GOAL OF THE EXERCISE =
Going down the data below, set down exactly the line with "Rock revival white denim shorts" and each line after it through the line with "Snapshot of kaiku77"; no other lines.

EXTRACTED ENTRIES =
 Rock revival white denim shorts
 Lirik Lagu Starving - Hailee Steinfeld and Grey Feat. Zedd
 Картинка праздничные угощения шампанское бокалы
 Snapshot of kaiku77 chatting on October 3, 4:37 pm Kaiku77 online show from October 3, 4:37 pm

* * *

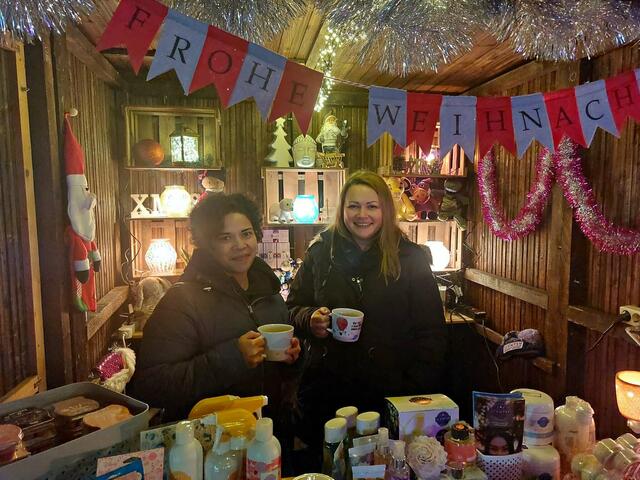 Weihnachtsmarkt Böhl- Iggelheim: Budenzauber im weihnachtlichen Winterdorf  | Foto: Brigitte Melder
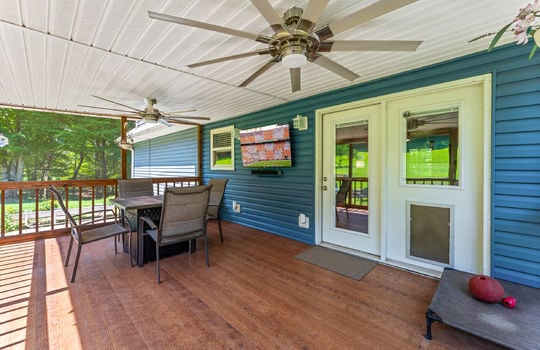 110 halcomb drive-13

OUTPUT BELOW =
 Rock revival white denim shorts
 Lirik Lagu Starving - Hailee Steinfeld and Grey Feat. Zedd
 Картинка праздничные угощения шампанское бокалы
 Snapshot of kaiku77 chatting on October 3, 4:37 pm Kaiku77 online show from October 3, 4:37 pm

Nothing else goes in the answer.